L'Orchestre de Paris. Photo : (c) Orchestre de Paris, DR
C’est sur l’Ouverture cubaine de George Gershwin, page célèbre en Amérique mais
encore boudée en Europe, que se sont ouvertes les réjouissances post-carnavalesques,
suscitant allégresse et bonne humeur, avec cette percussion exotique luxuriante
comprenant maracas et bongos qui ont permis de mettre généreusement en avant
les percussionnistes de l’Orchestre de Paris qui s’en sont donné à cœur joie,
comme dans la totalité du programme qui allait suivre.

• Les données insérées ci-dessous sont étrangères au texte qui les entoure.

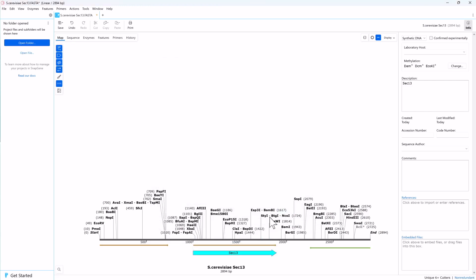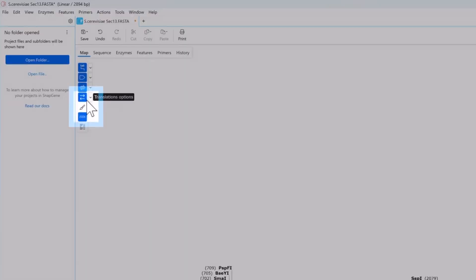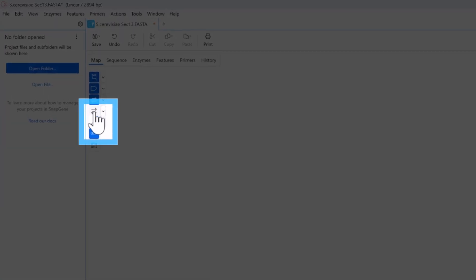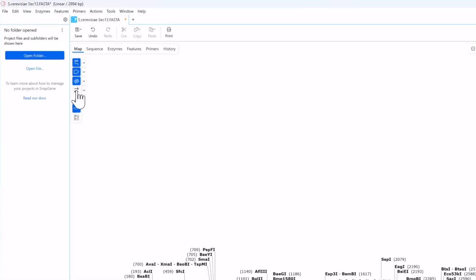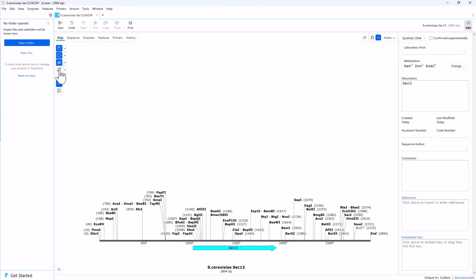You can see the added feature indicated by the arrow labeled sec13. Finally, turn off the open reading frames by toggling the Show Translations button. Now only the sec13 CDS feature is visible.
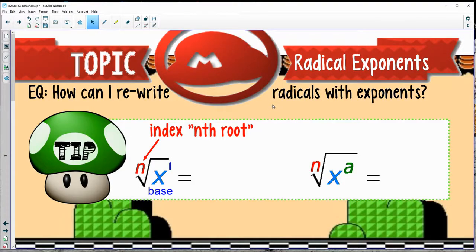Hey there, and welcome to our next topic, which is doing radical exponents. So we're going to look at how to rewrite radicals using exponents. Yes, that's even a thing.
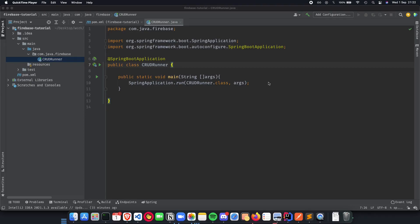Welcome to the second video in the playlist Spring Boot plus Firebase to build a CRUD application. In this video we'll talk about how we can authenticate or authorize our local Spring Boot application to connect to Firebase and also connect to our database which we create on the Firebase dashboard.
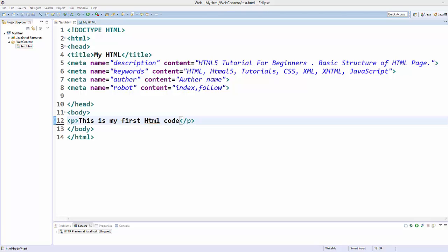Hello guys, welcome to the next video on HTML tutorial for beginners using HTML5. In this video we will learn about paragraphs, headings, pre-formatted text and HTML text formatting tags in HTML. So let's get started.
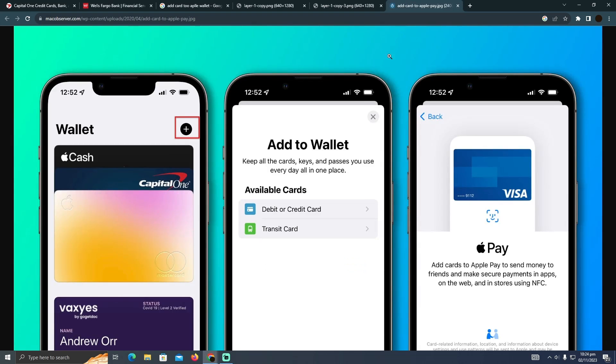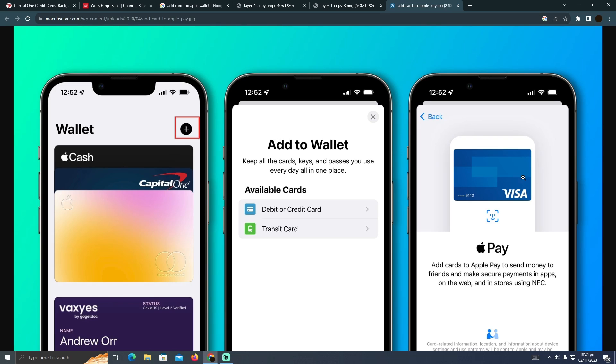Just go to that application and tap on the plus icon. You'll see this page where you need to tap on 'Debit or Credit Card.' This will show you all the available virtual cards.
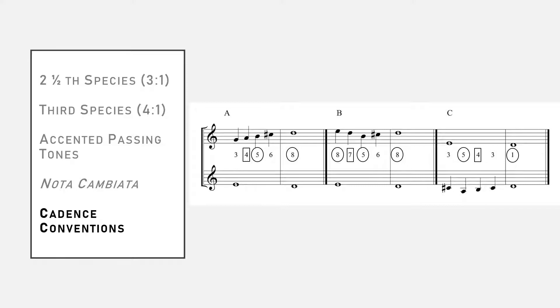Option C is the only option when the counterpoint is in the lower voice. Here we use the pattern third, fifth, fourth, third, unison.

George Gershwin (1898-1937). Photo : DR
La clef de voûte du programme a été la
Symphonie n° 4 de Charles Ives qui a
suivi cette mise en bouche.
Composée
entre 1910 et 1916 et révisée au milieu des années 1920, cette œuvre de
trente-cinq minutes se caractérise par un effectif orchestral aux normes des
plus grandes pages orchestrales de Gustav Mahler, Richard Strauss et Arnold
Schönberg de ces années-là, réparti en deux groupes nécessitant pour sa mise en
place jusqu’à trois chefs d’orchestre afin de coordonner l’ensemble. Lors de sa
création en 1965 au Carnegie Hall de New York, onze ans après la mort de son
auteur, Leopold Stokowski était assisté par Jose
Serebrier et David Katz.
Charles Ives (1874-1954). Photo : (c) Schott Music, DR
L’écoute de cette symphonie n’est pas de tout repos pour l’oreille. L’effectif
instrumental est colossal, avec deux piccolos, trois flûtes, deux hautbois,
trois clarinettes, trois bassons, trois saxophones (alto, ténor, baryton),
quatre cors, six trompettes, deux cornets à pistons, quatre trombones, tuba, orgue,
célesta, harpe, trois pianos dont un soliste à l’avant-scène, dextrement tenu
hier par Romain Descharmes, un joué à quatre mains et un autre réglé en quarts
de ton, un orgue, huit percussionnistes jouant aussi dans les coulisses dans
les troisième et quatrième mouvements, les cordes en proportion, auxquels il
convient d’ajouter cinq violons, un alto et deux harpes placés au-dessus de l’orchestre.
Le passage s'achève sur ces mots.